AVAILABLE DATA
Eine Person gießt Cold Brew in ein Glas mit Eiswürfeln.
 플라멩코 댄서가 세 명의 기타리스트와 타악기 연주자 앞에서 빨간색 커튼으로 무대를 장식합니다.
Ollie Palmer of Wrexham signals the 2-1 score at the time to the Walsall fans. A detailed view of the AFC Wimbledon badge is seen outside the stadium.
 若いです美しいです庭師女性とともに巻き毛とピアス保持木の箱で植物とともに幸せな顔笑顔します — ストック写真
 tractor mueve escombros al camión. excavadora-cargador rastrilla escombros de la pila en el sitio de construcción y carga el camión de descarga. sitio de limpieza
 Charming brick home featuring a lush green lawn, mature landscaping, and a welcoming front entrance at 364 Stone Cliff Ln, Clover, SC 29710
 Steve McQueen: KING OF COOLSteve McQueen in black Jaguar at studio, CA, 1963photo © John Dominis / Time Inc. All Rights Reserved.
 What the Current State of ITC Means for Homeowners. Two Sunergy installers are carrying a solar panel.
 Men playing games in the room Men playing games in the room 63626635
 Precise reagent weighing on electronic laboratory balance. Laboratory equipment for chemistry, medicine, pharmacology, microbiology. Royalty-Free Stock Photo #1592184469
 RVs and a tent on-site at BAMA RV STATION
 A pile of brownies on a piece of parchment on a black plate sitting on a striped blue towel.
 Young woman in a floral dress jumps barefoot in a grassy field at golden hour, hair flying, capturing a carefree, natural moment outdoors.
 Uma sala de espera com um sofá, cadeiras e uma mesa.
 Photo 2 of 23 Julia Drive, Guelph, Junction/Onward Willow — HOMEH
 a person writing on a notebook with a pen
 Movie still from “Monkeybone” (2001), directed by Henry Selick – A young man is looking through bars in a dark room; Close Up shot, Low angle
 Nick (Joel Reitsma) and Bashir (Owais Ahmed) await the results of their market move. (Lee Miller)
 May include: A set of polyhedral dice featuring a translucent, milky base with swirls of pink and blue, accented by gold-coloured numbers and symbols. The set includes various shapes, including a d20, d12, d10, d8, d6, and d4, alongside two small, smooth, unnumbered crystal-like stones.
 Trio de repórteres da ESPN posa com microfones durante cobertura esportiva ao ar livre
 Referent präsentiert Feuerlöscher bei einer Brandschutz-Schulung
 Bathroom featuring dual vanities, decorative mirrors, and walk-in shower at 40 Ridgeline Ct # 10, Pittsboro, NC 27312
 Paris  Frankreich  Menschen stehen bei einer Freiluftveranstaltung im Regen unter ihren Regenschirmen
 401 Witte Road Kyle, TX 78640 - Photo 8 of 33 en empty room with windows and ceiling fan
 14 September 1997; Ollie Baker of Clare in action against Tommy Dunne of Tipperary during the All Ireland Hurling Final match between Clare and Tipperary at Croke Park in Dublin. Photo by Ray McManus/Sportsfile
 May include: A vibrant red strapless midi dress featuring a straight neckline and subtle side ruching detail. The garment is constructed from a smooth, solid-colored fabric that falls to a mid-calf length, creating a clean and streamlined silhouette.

WHAT THE TASK ASKS
Your answer should consist only of the lines from the one with "Nick (Joel Reitsma)" through the end of the data above, reproduced exactly.

OUTPUT BELOW
 Nick (Joel Reitsma) and Bashir (Owais Ahmed) await the results of their market move. (Lee Miller)
 May include: A set of polyhedral dice featuring a translucent, milky base with swirls of pink and blue, accented by gold-coloured numbers and symbols. The set includes various shapes, including a d20, d12, d10, d8, d6, and d4, alongside two small, smooth, unnumbered crystal-like stones.
 Trio de repórteres da ESPN posa com microfones durante cobertura esportiva ao ar livre
 Referent präsentiert Feuerlöscher bei einer Brandschutz-Schulung
 Bathroom featuring dual vanities, decorative mirrors, and walk-in shower at 40 Ridgeline Ct # 10, Pittsboro, NC 27312
 Paris  Frankreich  Menschen stehen bei einer Freiluftveranstaltung im Regen unter ihren Regenschirmen
 401 Witte Road Kyle, TX 78640 - Photo 8 of 33 en empty room with windows and ceiling fan
 14 September 1997; Ollie Baker of Clare in action against Tommy Dunne of Tipperary during the All Ireland Hurling Final match between Clare and Tipperary at Croke Park in Dublin. Photo by Ray McManus/Sportsfile
 May include: A vibrant red strapless midi dress featuring a straight neckline and subtle side ruching detail. The garment is constructed from a smooth, solid-colored fabric that falls to a mid-calf length, creating a clean and streamlined silhouette.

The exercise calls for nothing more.